The respondent deposed to the fact that he was not
informed of the decision of the Army Authority which confirmed his
sentence for the offence of conspiracy and his demotion in rank. He was
informed later by his co-accused. The grounds of appeal in
the proposed
grounds of appeal on pages 9-11 of the record of appeal appear, prima
facie, arguable. There is ground 4 which complains that the Army
Authority, contrary to the finding of the G.C.M went ahead to enter a
finding of ‘Guilty’ on the respondent for making false document,
punishable under section 90 (d) of AFA Cap. A20 LFN, 2004. To my mind,
this is an arguable point.
The court below, resolved issue 1 decoded
by the respondent in his favour. I pitch my tent with the court below as
it was on a firm stand.
The next point relates to the applicability
of the provision of section 2 (a) of the Public Officers Protection Act.

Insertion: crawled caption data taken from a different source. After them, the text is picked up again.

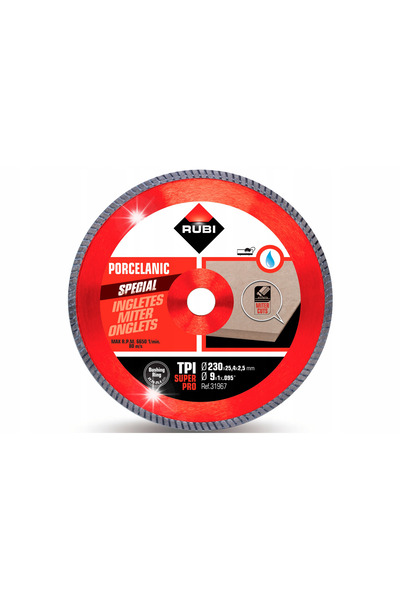 rubisec Disc diamantat pentru șlefuire TPI 230 SUPERPRO 31967 RUBI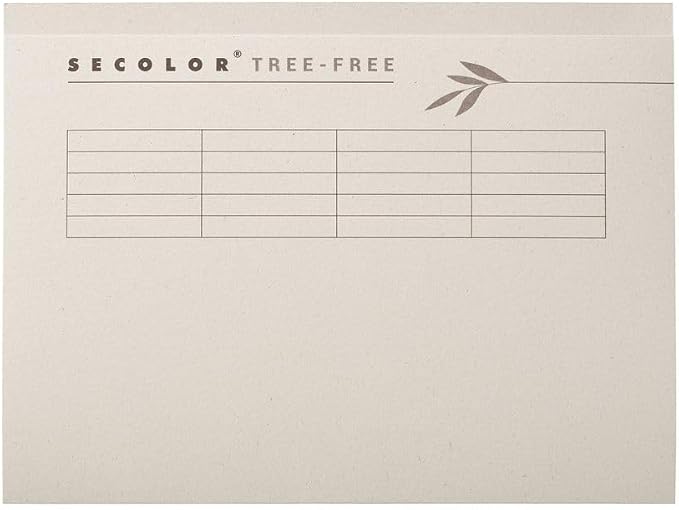 Jalema Tree-Free File Folders with Tabs, 10 Pack, Natural Beige | 10 folders, holds up to 100 sheets, cardboard made from agricultural waste, natural beige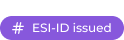 ESI-ID issued status tag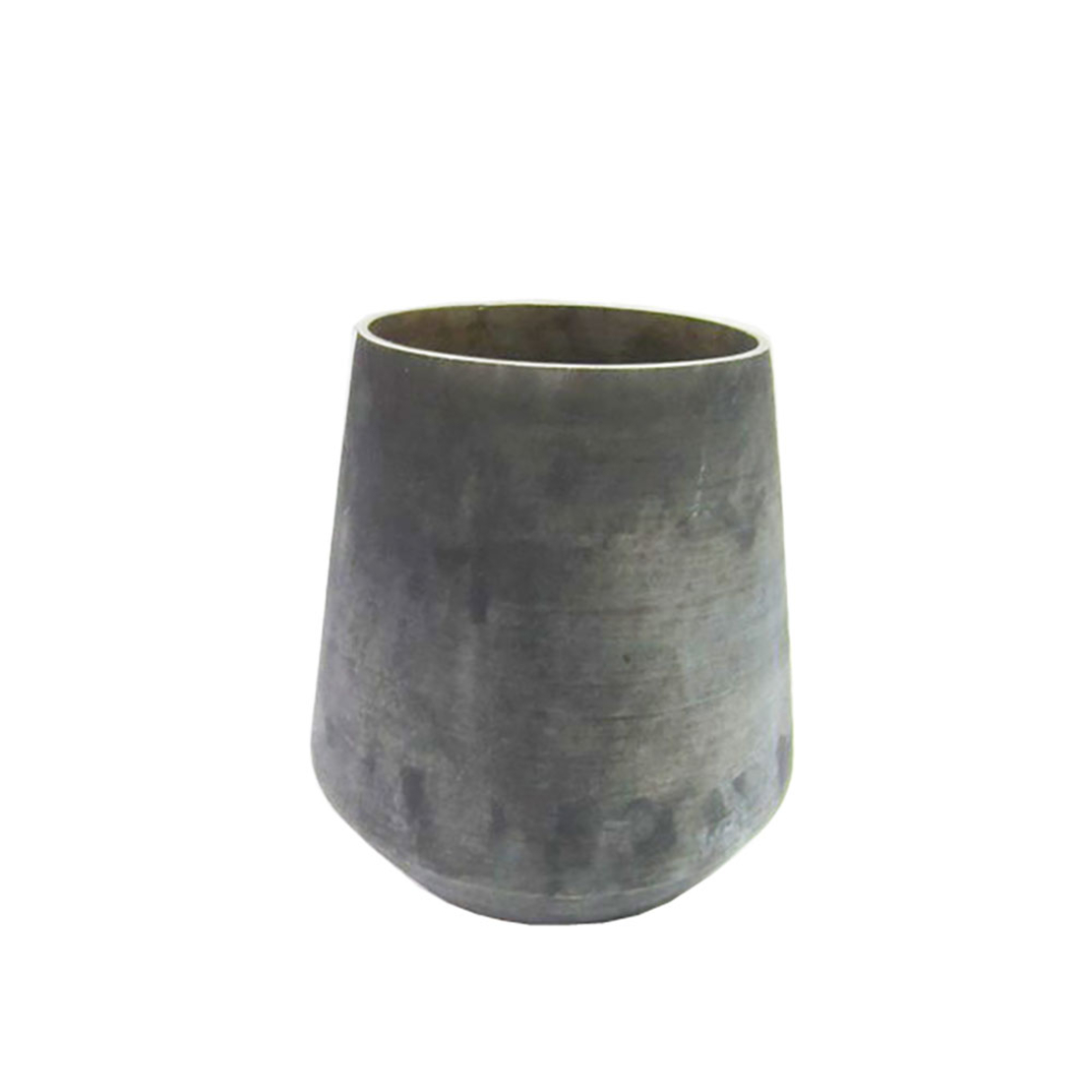 CINZA BASE FOR CANDLE GLASS GREY GOLD D15xH16cm IN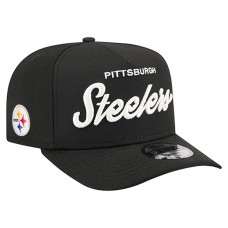 Бейсболка Pittsburgh Steelers New Era Black Local Play A-Frame 9FIFTY Snapback
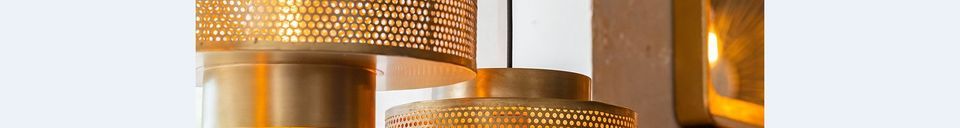 Material Details Ouatia golden metal cealing lamp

The appellant maintained that same applied to foreclose the right of
the respondent to approach the lower court for leave to appeal.
On
his part, learned counsel for the respondent maintained that the law
cannot be employed to gag him from exercising his constitutional right
of appeal to the court below.
As stated by learned counsel for the
respondent, it is basic that courts do guard their jurisdiction
jealously and zealously. As such, any enactment which takes away the
rights of the citizen accessing the court are to be construed narrowly
against any one claiming
its benefit.
The appellant who is trying to
cling tenaciously to the law puts obstacles on the respondent’s way by
failing to react to his complaint in good time. He was subjected to
trauma and he fell sick as contained in his affidavit and further
affidavit. This court has held in Abacha v. Spiff (2009) 5 SCNJ 119 at
140 that where a party is prevented from bringing an action or denied
the opportunity to sue timeously, limitation law will not apply. The
position in the case at hand points to the same direction.
Further,
the position here is that the respondent desires to enforce his
fundamental right of access to the law court to determine his innocence
in the conviction meted out to him by the G.C.M. The right, is as
dictated by section 240 of the 1999 Constitution of the Federal Republic
of Nigeria. It is unthinkable to imagine that the provision of section 2
(a) of the Public Officers Protection Law can be employed to truncate
the respondent’s opportunity to ventilate his grievances to the decision
of the G.C.M.
There is no way by which the decision of the G.C.M can
be covered from being challenged as constitutionally guaranteed by
section 240 of the stated Constitution under the feigned canopy of the
provision of section 2 (a) of the Public Officers Protection Act.
In
conclusion, I am of the considered opinion that viewed from any angle,
this appeal is bound to fail. It lacks merit and, it is hereby
dismissed. The Ruling of the court below handed out on 9th February,
2010 is hereby affirmed in its entirety.